I have been fishing east bay for the past month and have done really good. There are TONS of rat reds, me and my buddies have probably caught around 15 in 5 trips. We have been using a variety of lures. And even though everyone always talks about the power lines, we haven`t caught anything around them. Is there anything specific you want to know? What kind of boat do you fish on I have probable seen you. We went Sunday morning and caught 7 trout , 2 rat reds, 1 flounder and around 20 mullet. So yes there is defiantly plenty of fish.


----------



## Bullshark (Mar 19, 2009)

Yes. How far from the ramp do you go? Do you target docks or holes? Really anything you can give me without telling the forum you spots. I've heard the same thing about the power lines.


----------



## cody&ryand (Oct 3, 2007)

Which ramp do you put in at? What size is your boat? Do you have a trolling motor? How much water does your boat draft? This is the first year i have fished east bay and i guess i have just got lucky and found some productive spots pretty easy. If you answer those questions it will help me out on what to tell you.


----------



## Bullshark (Mar 19, 2009)

Hwy 87 Navarre. 14' with a 35hp. Yes I do have a trolling motor. The boat drafts no more than 4". I can put the boat in at Woodlawn durring low tide.


----------



## cody&ryand (Oct 3, 2007)

You have a pm. Good Luck


----------



## CCC (Sep 3, 2008)

Damn one time with me and you give up ??????? Go to our first hole, and our second by the grass flats, forget the docks, I have never had any luck, like some one else said I have heard of other people having good luck at the docks and the power lines, but I have never done anything there. Fish the grass and the coves towards robledal subdivision and in the next few weeks you will rack up. I have done best just when the sun is going down or shortly after, so around 8 or 8:30.


----------



## Stressless (Oct 2, 2007)

So that's your ugly mug fishing my dock? oke There are a couple spots that seems to produce but after living on East Bay Bayou for 8 years I STILL haven't quite got them figured out. Some nights I'll go catch 5-10 reds some slot with some trout in there and some nights there is nothing, moon phase/ tide/ rain etc all of it checked and no rhyme that I can tell. I will offer this... there are a couple points that when the tides moving load up on fish from trout to mullet. between the powerlines (nothing but croaker there) to the East. fish the wind.

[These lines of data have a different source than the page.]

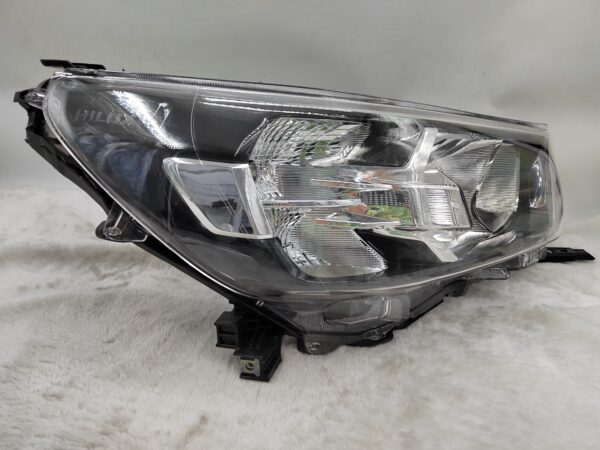 TOYOTA HILUX REVO 2020-2023 HALOGEN R.H.S HEADLIGHT ASSEMBLY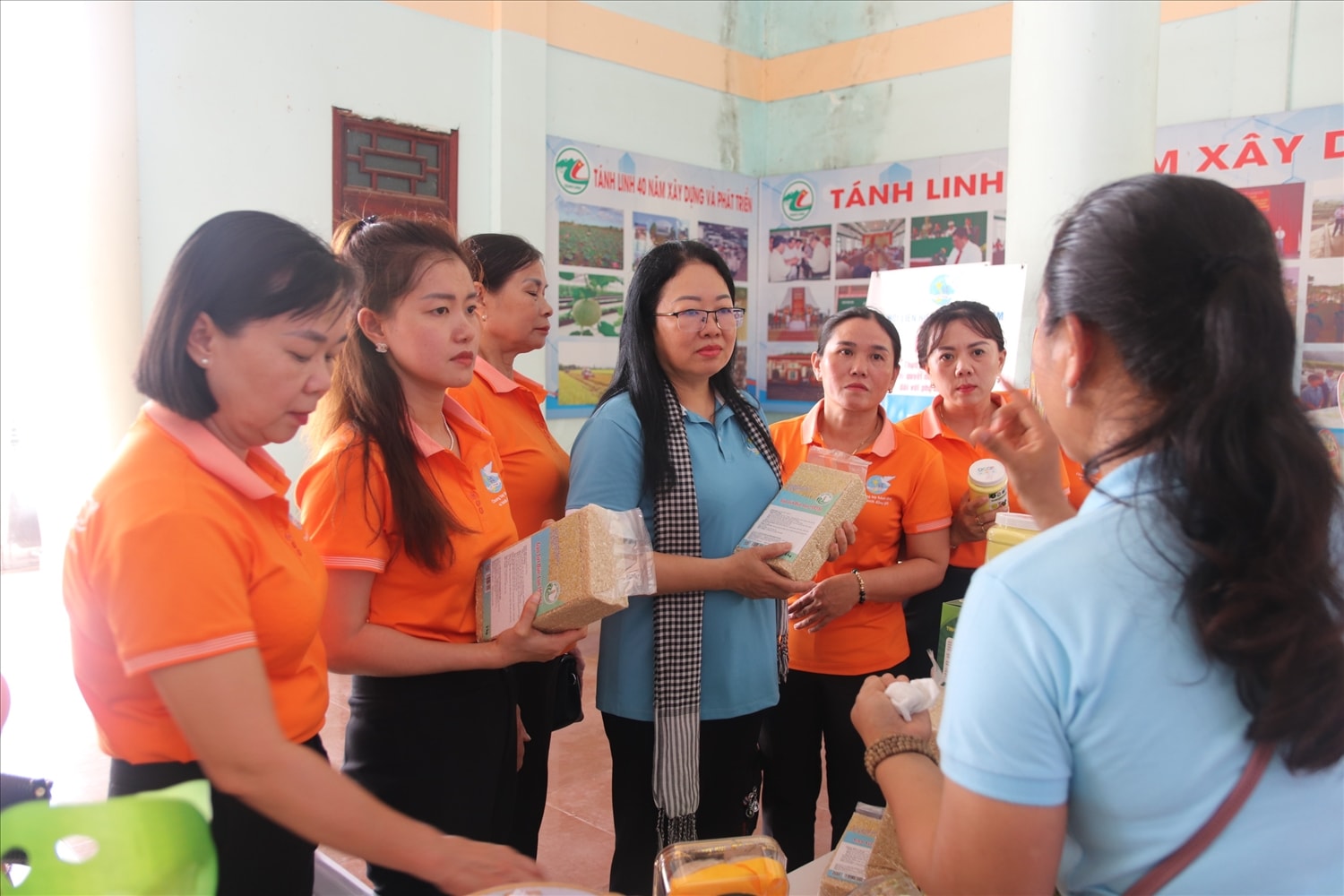 Hoạt động tham quan, giới thiệu gian hàng sản phẩm nông nghiệp của phụ nữ DTTS huyện Tánh Linh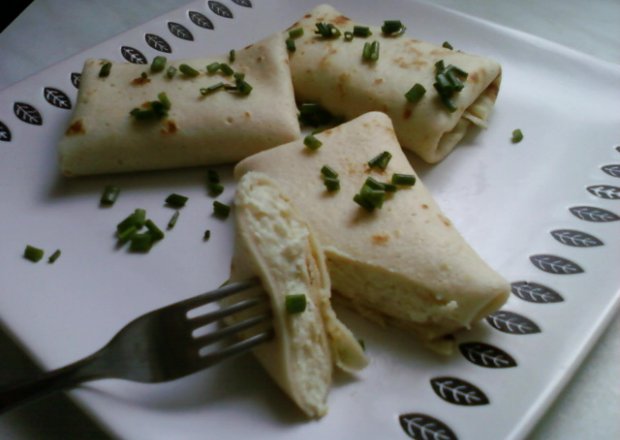 Fotografia przedstawiająca Naleśniki z farszem z ziemniaków i sera białego
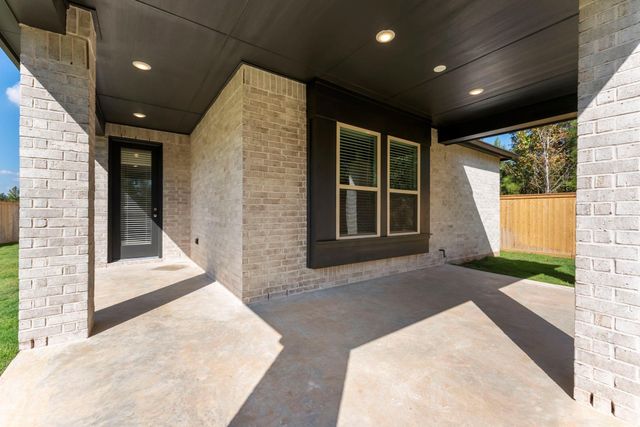 26383 Golden Pass Loop, Montgomery, TX 77316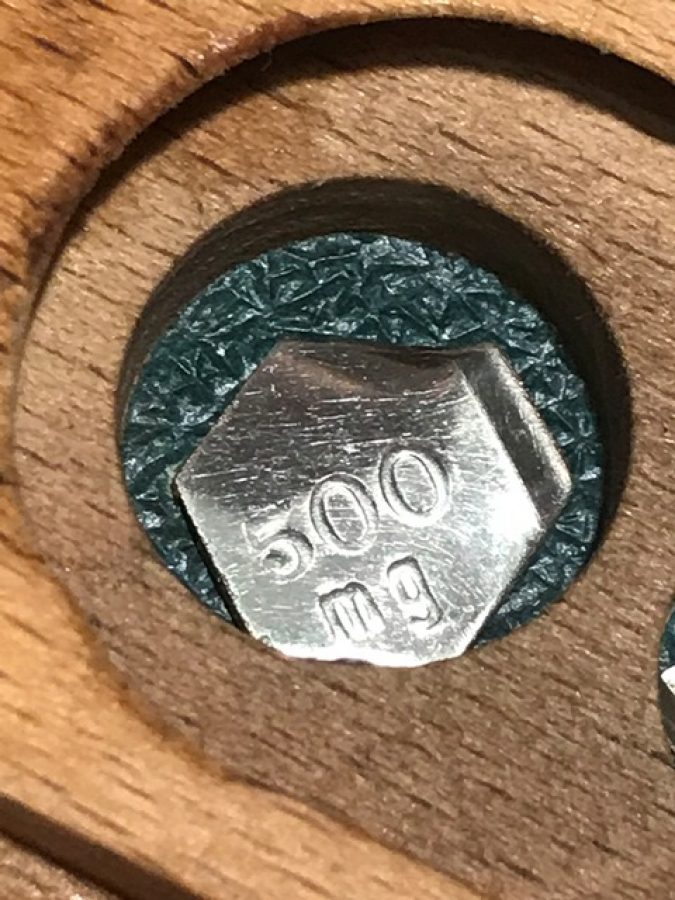 KUYUMCU HASSAS TARTIM AGIRLIKLARI AHŞAP KUTUSUNDA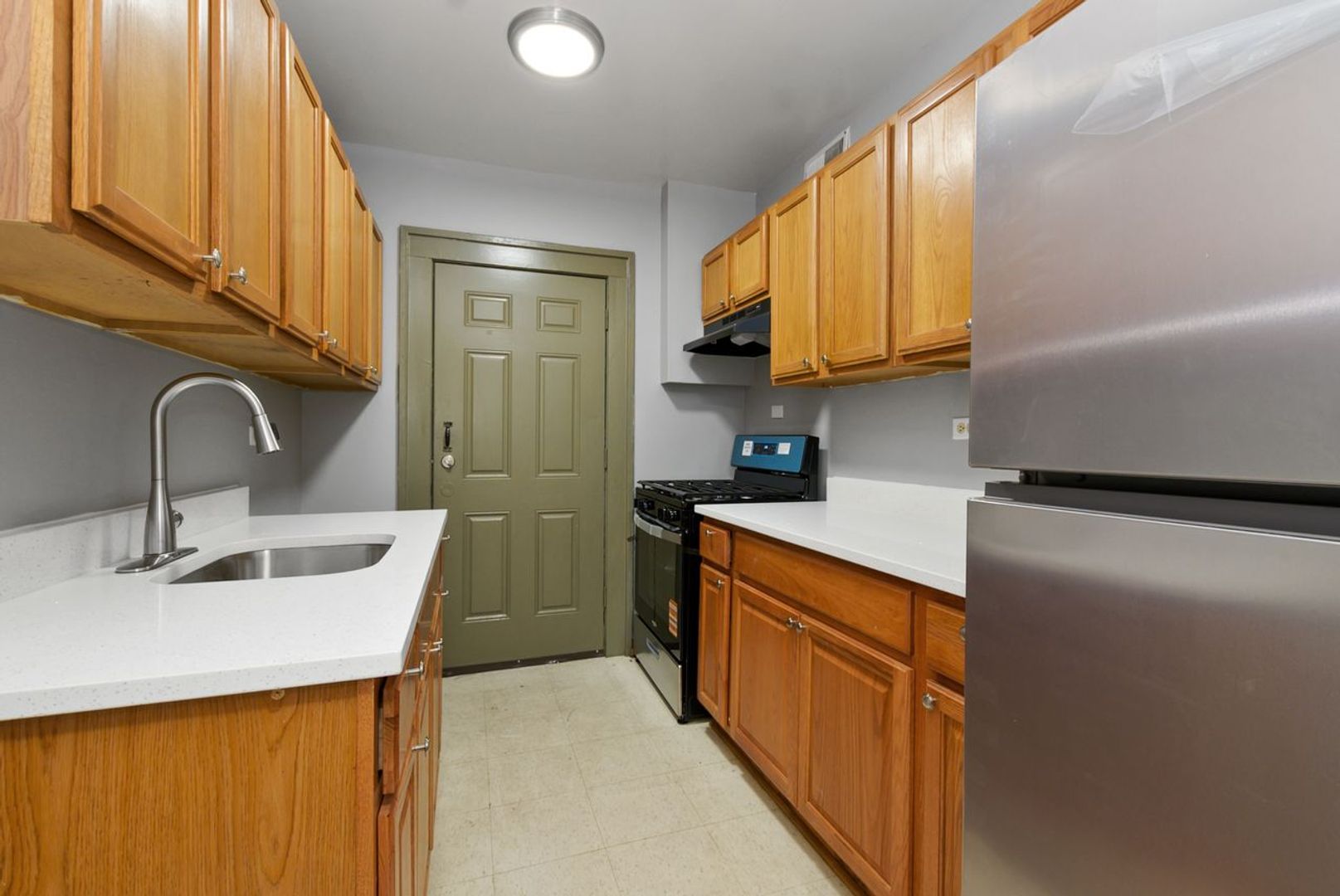 Chicago Apartment: 4737-43 W. 65th St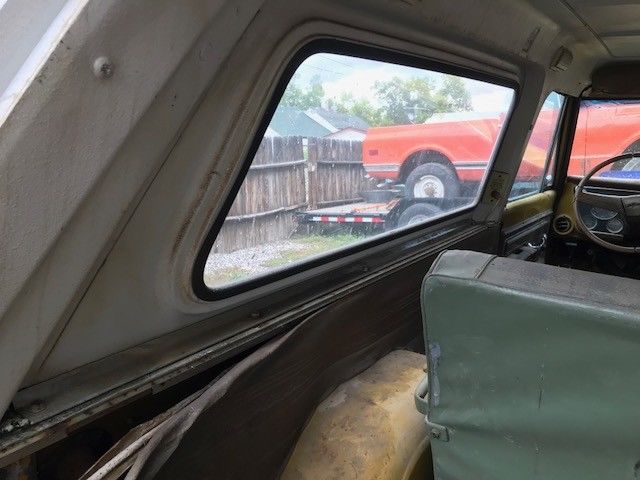 1972 Ochre Chevrolet Blazer SUV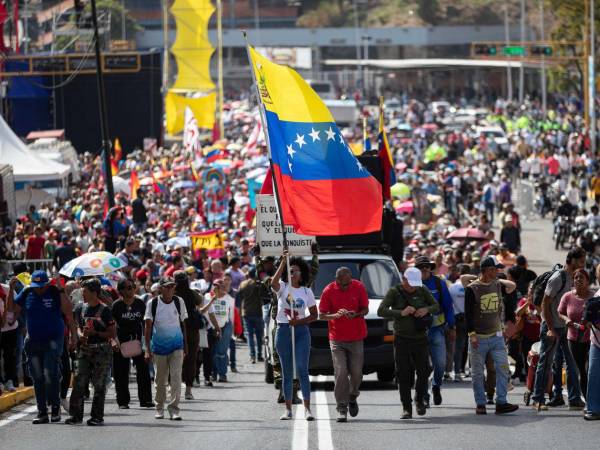 Personas se manifiestan durante una marcha este viernes en Caracas (Venezuela).
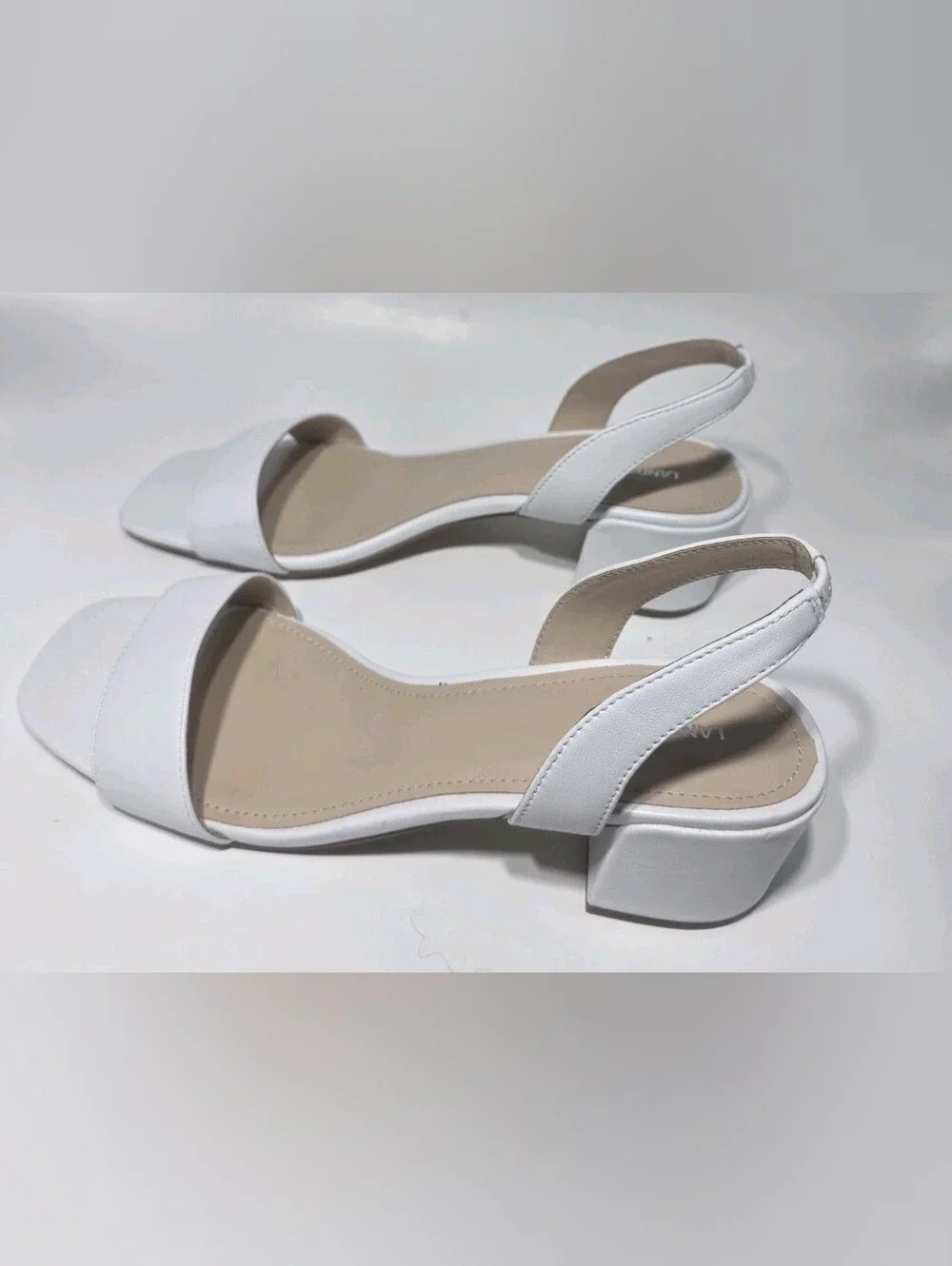 Lands’ End Women’s White Leather Slide Sandals Size Us 9 Mid Block Heel Slip On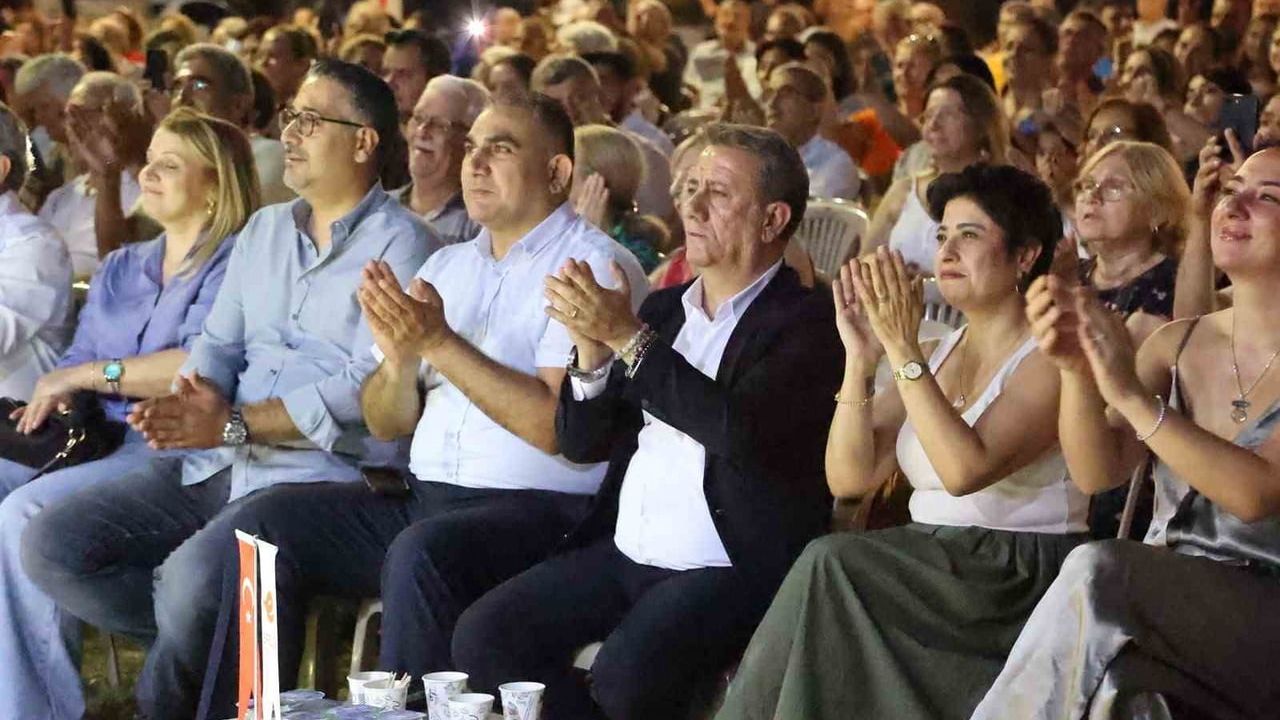 Pınarbaşı'nda yaz konserleri Efeler halkını buluşturdu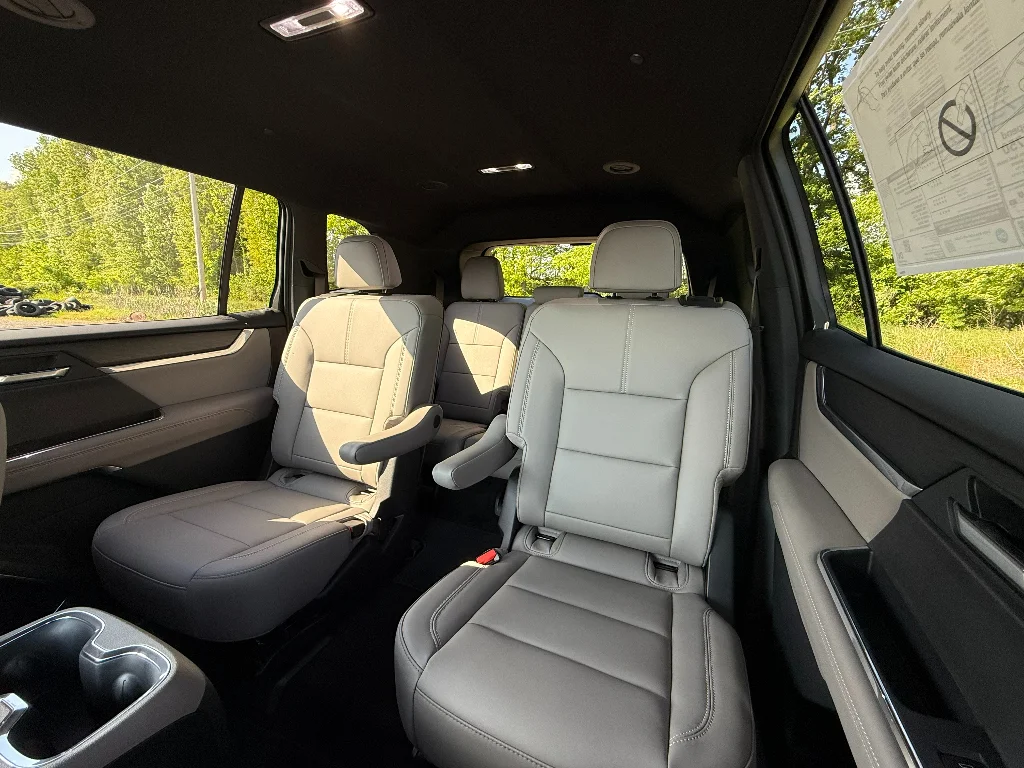 2026 GMC Acadia Elevation - Photo 23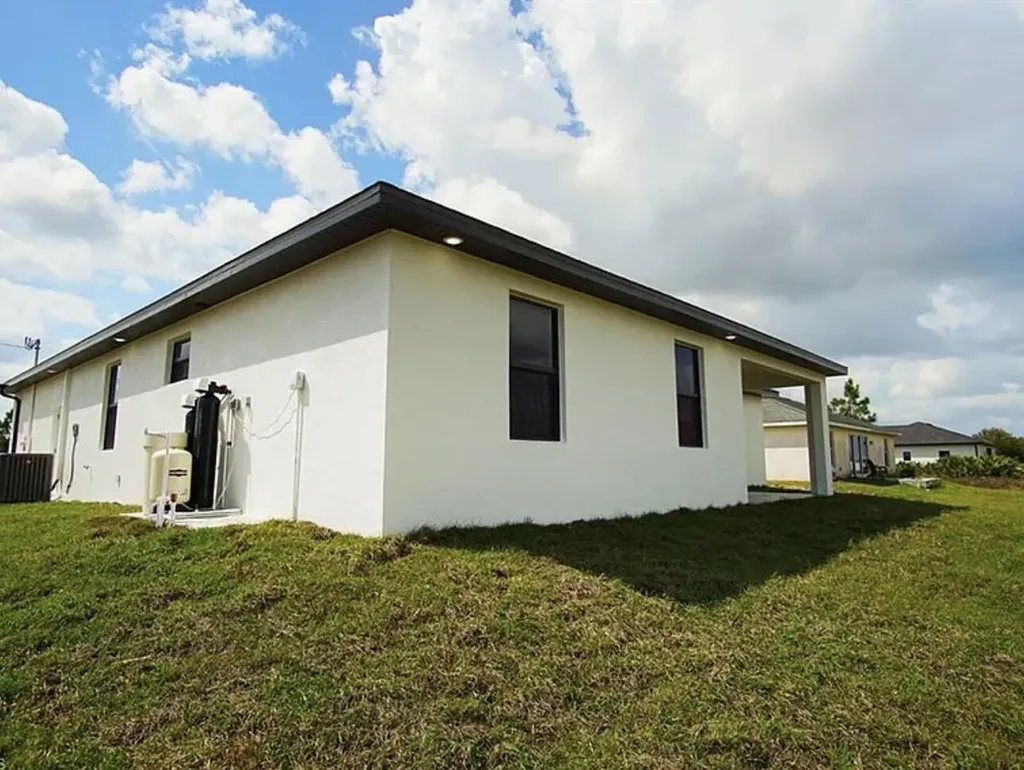 4708 5th Street W Lehigh Acres FL 33971
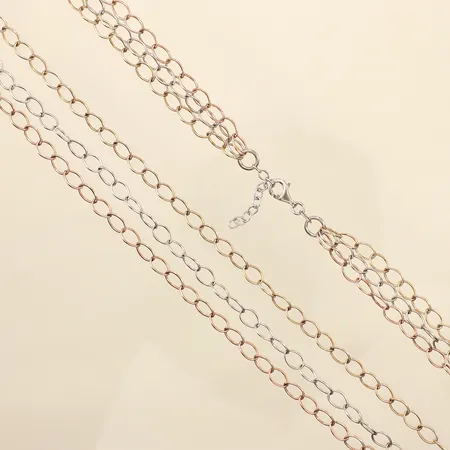 Collier treradig, längd 60-63cm, bredd ca 5-11mm, 925/1000 silver Vikt: 22,3 g
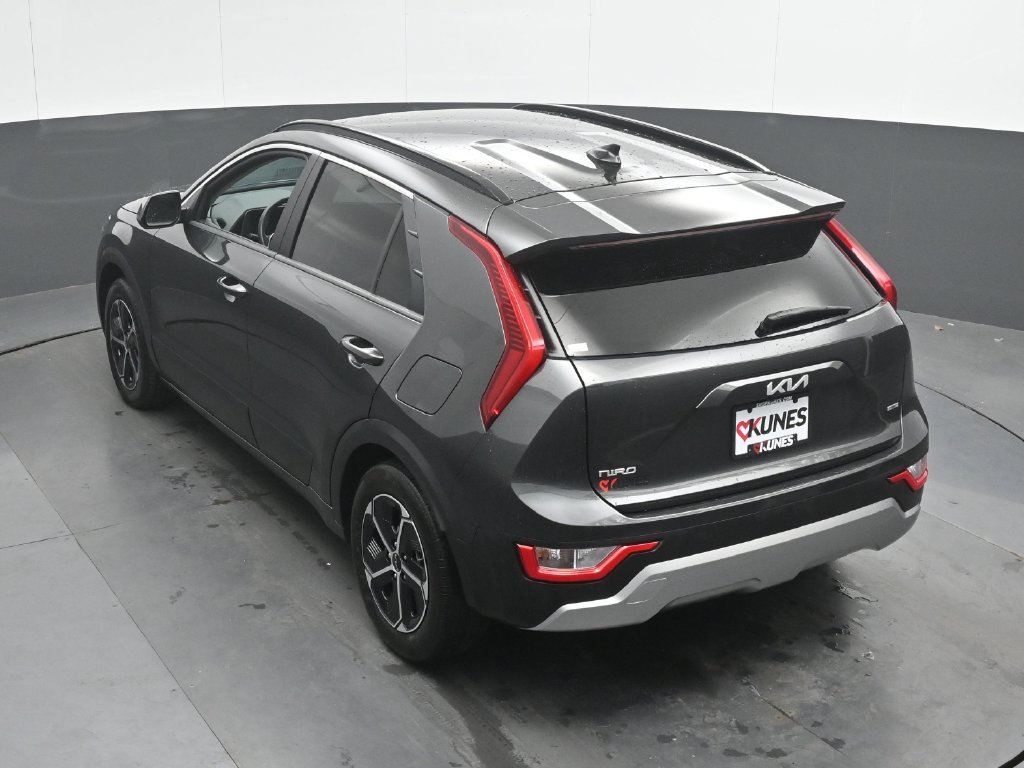 Used 2025 Kia Niro LX FWD image 38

Also for the last 8 days the mullet have been THICK on the South side of the bayou - they seem to be petering out some but lord they were thick for 3-4 days strait. Called it the conga line.



:mmmbeer

Sterssless


----------



## Saltfisher (Mar 26, 2009)

I have a house on east bay, so i fish it a pretty good bit. I've had most of my success on the oyster bars just past the powerlines going straight and a little to the right. i've heard and always see alot of boats on the powerlines but never have had much success. there are some fish around the docks if you know which ones to go to. ive never fished it much, but ive heard people say that they catch alot of specks right on the mouth of the river in those grass areas.


----------